— WHAT IS REQUIRED —
Extract every line of the material that holds the string "from".

┄┄┄┄┄┄

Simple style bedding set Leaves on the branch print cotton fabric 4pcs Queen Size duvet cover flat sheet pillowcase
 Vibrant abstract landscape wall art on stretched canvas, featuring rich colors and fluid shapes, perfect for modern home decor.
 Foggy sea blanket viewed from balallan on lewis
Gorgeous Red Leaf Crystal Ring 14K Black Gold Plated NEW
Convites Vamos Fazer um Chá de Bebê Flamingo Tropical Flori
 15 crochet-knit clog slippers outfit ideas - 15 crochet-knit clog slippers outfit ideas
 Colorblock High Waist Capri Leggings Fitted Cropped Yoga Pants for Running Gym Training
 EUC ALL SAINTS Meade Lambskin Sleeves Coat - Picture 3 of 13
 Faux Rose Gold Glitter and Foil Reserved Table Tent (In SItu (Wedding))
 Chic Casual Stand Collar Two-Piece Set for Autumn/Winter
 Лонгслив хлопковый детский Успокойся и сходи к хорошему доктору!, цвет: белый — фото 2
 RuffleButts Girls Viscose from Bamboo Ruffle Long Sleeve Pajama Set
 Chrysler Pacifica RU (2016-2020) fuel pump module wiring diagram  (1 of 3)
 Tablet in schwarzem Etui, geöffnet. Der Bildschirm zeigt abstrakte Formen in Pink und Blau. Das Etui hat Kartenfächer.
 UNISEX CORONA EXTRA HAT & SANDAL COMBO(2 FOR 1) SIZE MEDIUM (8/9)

┄┄┄┄┄┄

— REPLY —
 Foggy sea blanket viewed from balallan on lewis
 RuffleButts Girls Viscose from Bamboo Ruffle Long Sleeve Pajama Set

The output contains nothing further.